Source material Block Start

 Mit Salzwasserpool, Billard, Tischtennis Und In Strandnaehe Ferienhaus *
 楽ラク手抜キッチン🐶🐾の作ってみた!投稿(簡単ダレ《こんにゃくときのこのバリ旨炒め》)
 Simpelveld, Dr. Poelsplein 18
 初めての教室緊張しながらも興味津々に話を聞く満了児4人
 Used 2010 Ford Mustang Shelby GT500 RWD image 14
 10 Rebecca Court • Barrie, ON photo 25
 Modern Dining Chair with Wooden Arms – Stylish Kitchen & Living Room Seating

Source material Block End

Look for the line with "初めての教室緊張しながらも興味津々に話を聞く満了児4人" in the records above. Repeat it and each line after it exactly.

**Answer space:**
 初めての教室緊張しながらも興味津々に話を聞く満了児4人
 Used 2010 Ford Mustang Shelby GT500 RWD image 14
 10 Rebecca Court • Barrie, ON photo 25
 Modern Dining Chair with Wooden Arms – Stylish Kitchen & Living Room Seating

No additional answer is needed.